Nie czuję się tu dobrze, i bynajmniej z powodu podupadłej architektury. Jako reprezentantka wrogiego chasydom świata, nadto uposażona w rzucający się w oczy aparat fotograficzny, jestem tu intruzem i tak też zostaję potraktowana. Mijani przeze mnie mężczyźni (kobiet niemal nie widziałam) obrzucają mnie krótkim wrogim spojrzeniem, po czym ostentacyjnie odwracają wzrok. Nawet dzieci uciekają na drugą stronę ulicy.
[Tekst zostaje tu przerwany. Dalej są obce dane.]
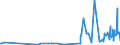 KN 33011390 /Exporte /Einheit = Preise (Euro/Tonne) /Partnerland: Lettland /Meldeland: Eur27_2020 /33011390:Citronenöl, Terpenfrei, Einschl. `konkrete` Oder `absolute` Öle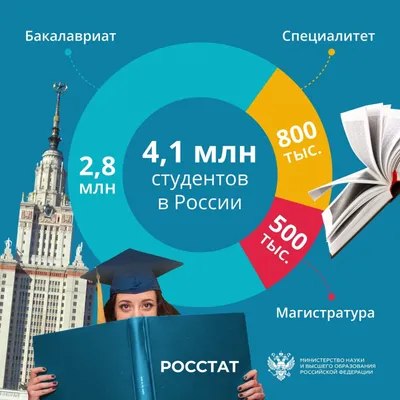 Высшая бизнес-школа, ОмГПУ ⑥⓪⑤⑧⑤⑤ | ВКонтакте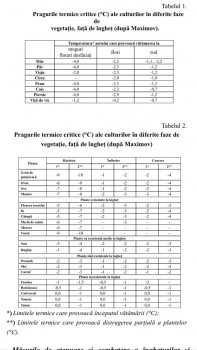 Praguri termice pomi si culturi.jpg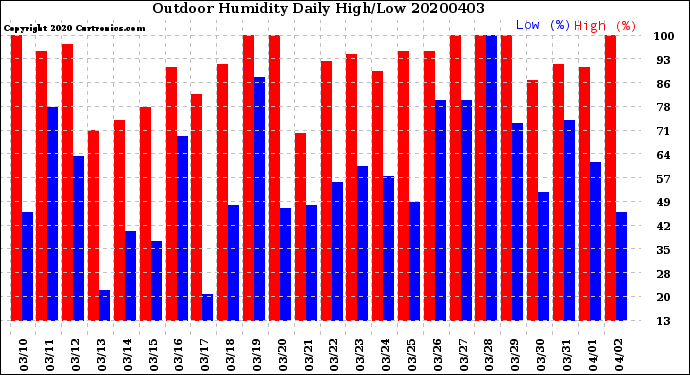 Milwaukee Weather Outdoor Humidity<br>Daily High/Low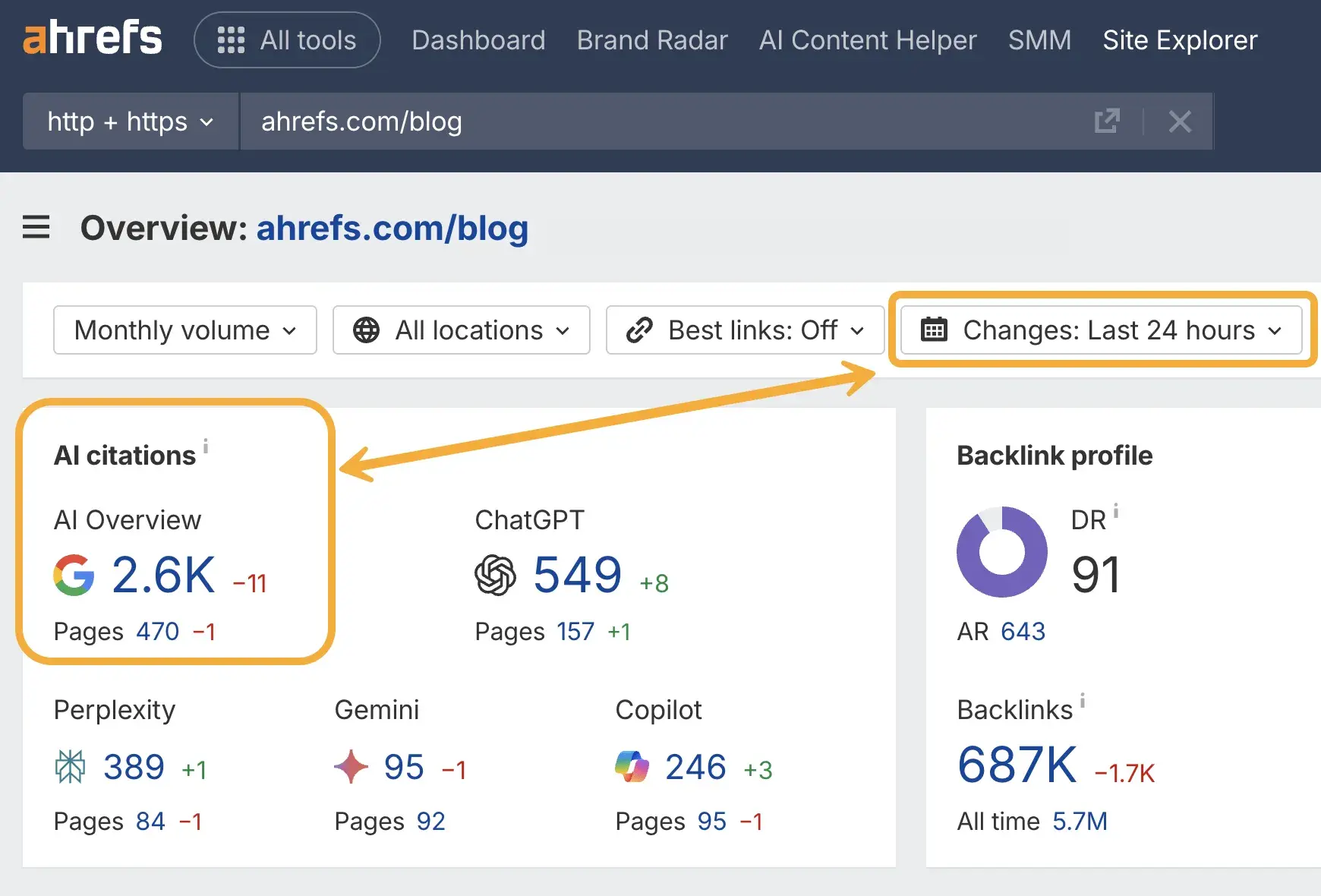 is killing website traffic; ai overviews being tracked in ahrefs
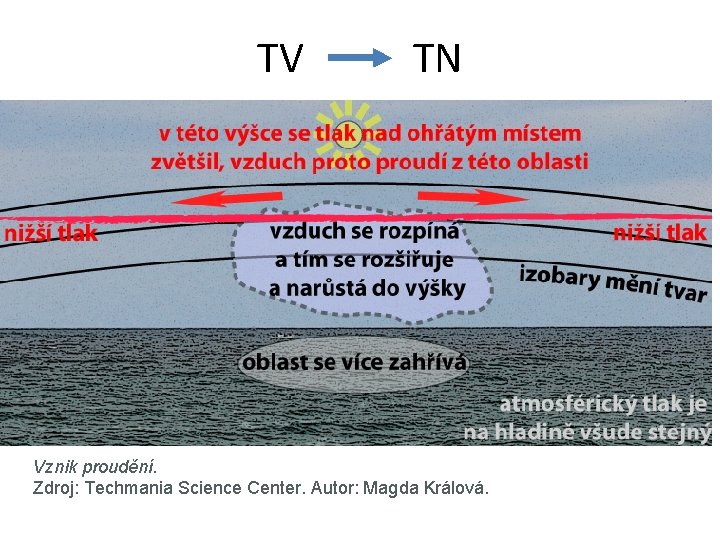 TV TN Vznik proudění. Zdroj: Techmania Science Center. Autor: Magda Králová.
Robienie zdjęć w takich warunkach przychodzi mi z trudem, nie mam odwagi na żadne ujęcia en face, a przecież jednym z moich celów był fotoreportaż, na który tak bardzo liczyłam… Czuję jednak, że z każdą fotką wydzieram im jakąś cząstkę ich prywatności, że z czegoś ich okradam, że zabieram tę integralność i nienaruszalność ich świata, o którą z taką determinacją walczą. Że mimo wszystko traktuję ten ich świat jak żywe muzeum żydowskiego folkloru.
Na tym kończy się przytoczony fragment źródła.